音声だけで聞いても、スッと内容ができる本に絞ってみました。

マインドセット編

①『限りある時間の使い方』オリバー・バークマン

最近忙しいから、もっと生産性を上げるべく、時間術の本でも読もう。

そう思っている方には、こちらの本をご紹介したいと思います。

本書の根っこにある考え方は「時間を支配しようとすればするほど、時間の支配が効かなくなる」というものです。

つまり、「時間は支配できるものである」という前提に立っている「生産性を上げる技術」とか「タイムマネジメント術」みたいなものは、無意味である。

これが本書のスタンスです。

例えば、メールを効率よく返信する方法を学べば学ぶほど、より多くのメールを捌く必要が出てきて、結果的に大量のメールに圧殺される。

ToDoを効率よくこなせばこなすほど、より多くのToDoの処理を期待されて、ToDoの海に飲み込まれる。

自由時間をより多く確保するための生産性の技術が、気づけば、自由時間をより少なくしている。

これが「生産性の罠」であると、筆者は表現しています。


Audibleを使用しているあなたも、まさに「生産性高く、本をインプットしたい」と思っている一人かもしれません。

そんなあなたにこそ、「生産性の罠」に一度触れてほしい。

そう思い、こちらを一冊目に紹介させていただきました。

↓書評をご覧になりたい方は、こちら。

レビュー『限りある時間の使い方』

②『転職の思考法』北野 唯我

次に、キャリア系の本です。

キャリア系の本は、おすすめの本が多くて、どれをピックアップするか相当悩みました。

【マップつき】20代のぼくが同世代に本気でオススメしたいキャリア本5冊

そのなかで、音声で一番聞きやすい本として『転職の思考法』を選びました。

本書は物語形式で記されているので、音声で聞くのにも最適かと。


そんな本書は、転職の際に欠かせない物差し「マーケットバリュー」について語っています。

具体的には「マーケットバリュー=技術資産×人的資産×業界の生産性」と定義されています。

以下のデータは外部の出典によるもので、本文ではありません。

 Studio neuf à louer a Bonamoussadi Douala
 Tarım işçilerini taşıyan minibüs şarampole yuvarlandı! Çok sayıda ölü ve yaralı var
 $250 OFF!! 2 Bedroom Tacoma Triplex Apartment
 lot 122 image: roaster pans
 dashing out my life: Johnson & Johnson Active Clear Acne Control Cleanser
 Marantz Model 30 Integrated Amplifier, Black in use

そして、「一生食える会社や仕事」を見つける手法を、次のステップに沿って解説してくれます。しかも物語形式で。

  1. 自分の「マーケットバリュー」を測る
  2. 今の仕事の「寿命」を知る
  3. 強みが死ぬ前に、伸びる市場にピボットする
  4. 伸びる市場の中で、ベストな会社を見極める

ロジカル×エモーショナルな語り口で、自分のキャリアを見つめ直す機会を提供してくれる。

そんな素敵な本ですので、ぜひ聴いてみていただければと。

↓書評をご覧になりたい方は、こちら。

一度でも今の会社に疑問を持ったあなたへ!『転職の思考法』北野 唯我

③『参謀の思考法』荒川 詔四

次は「プロフェッショナル・マインド」「仕事の心構え」について書かれた本をご紹介します。

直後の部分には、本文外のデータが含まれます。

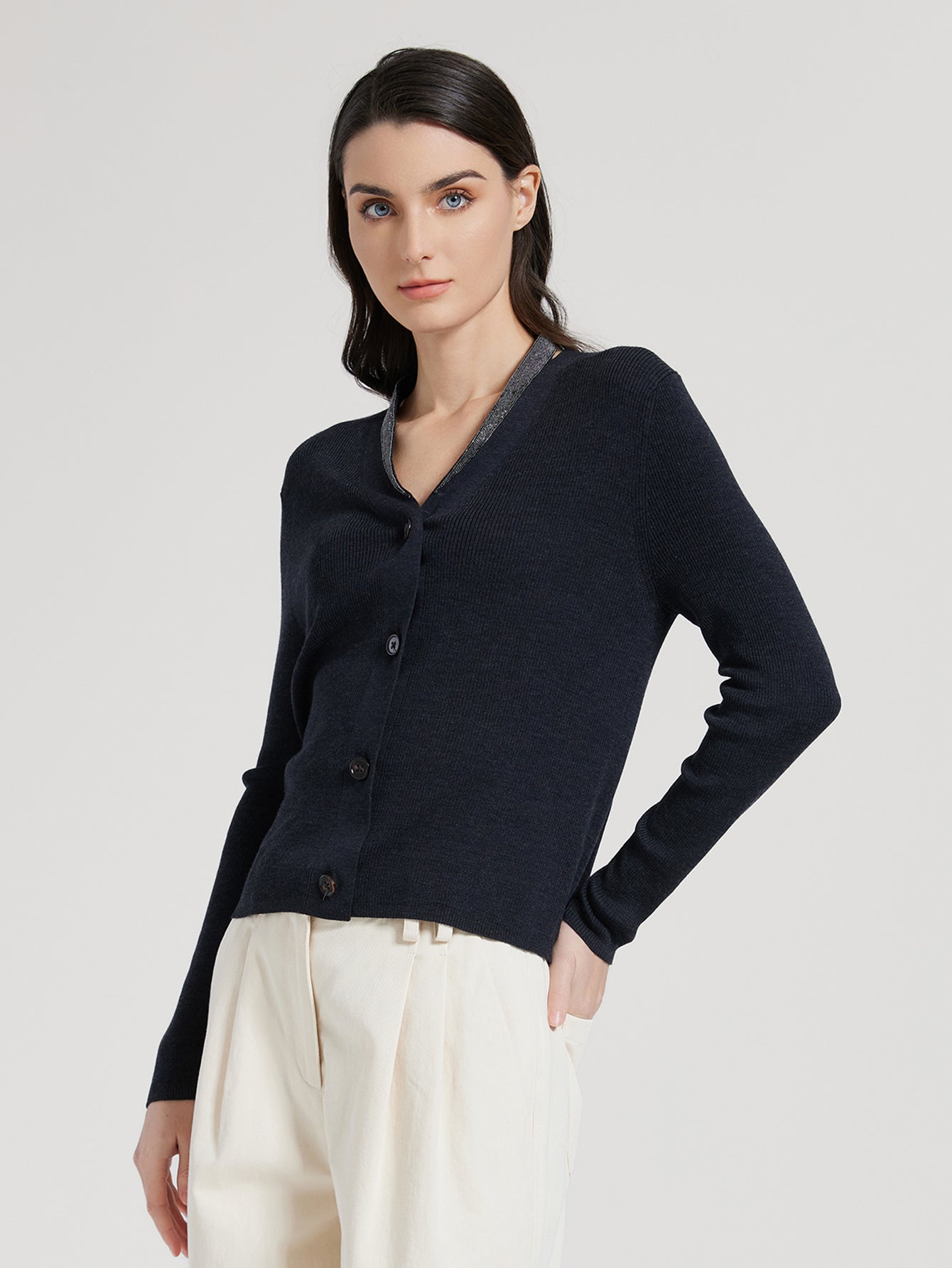 Yün & İpek V Yaka Düğmeli Hırka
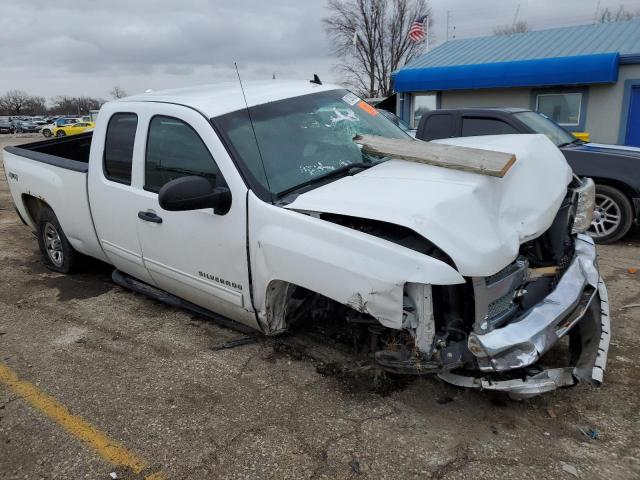 1GCRKSE78DZ269433 - 2013 CHEVROLET SILVERADO K1500 LT WHITE photo 4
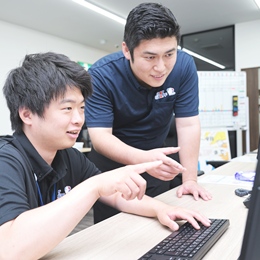 意欲次第で営業から統括部長、取締役、そして支社長へとキャリアアップのチャンスも豊富です。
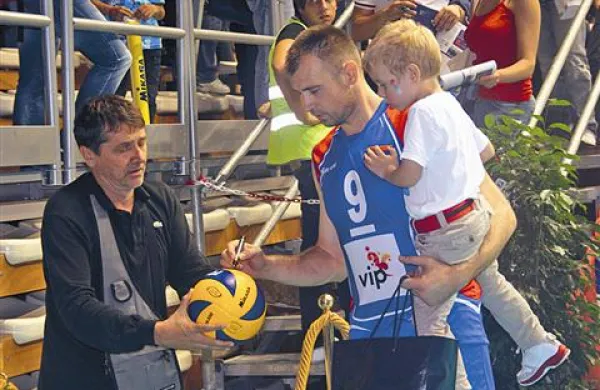 Veteran italijanskih igrišč Nikola Grbić (s sinom Matijo)  je  na SP med najbolj obleganimi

※2022/08/14時点だと、なんとAudible無料体験の対象に

本書は、幾多もの修羅場をくぐり抜けた筆者にしか書けない「現場感」に満ち溢れたものでした。

ブリヂストンの社長の片腕として、ビジネスの最前線で活躍される中で培った「参謀の思考法」にはたくさんの金言が詰まっています。

その金言たちをピックアップしたものが次の図です。

この中で特に気に入っているのが、"すべては「合目的的」に考える"というものです。

合目的的とは「目的に適っていること」を意味します。

目的が果たせるのであれば、多少の恥は惜しまない。

自分の提案が通せるのであれば、時には他人に花を持たせることも厭わない。

それくらい「目的に忠実」であることが大事。

この点が、本書を読んだ中で一番の学びです。

↓書評をご覧になりたい方は、こちら。

【書評】『参謀の思考法』荒川 詔四

スキルセット編

④『THINK AGAIN』アダム・グラント

続いて、思考力を鍛える本で聴きごたえのあるものをご紹介します。

「考えること」よりも「考え直すこと」のほうが重要である。

本書のメッセージを一言でまとめると、こんな感じです。

「ころころ考えを変えるな」と教わってきた私からすると、このメッセージはとても新鮮に映りました。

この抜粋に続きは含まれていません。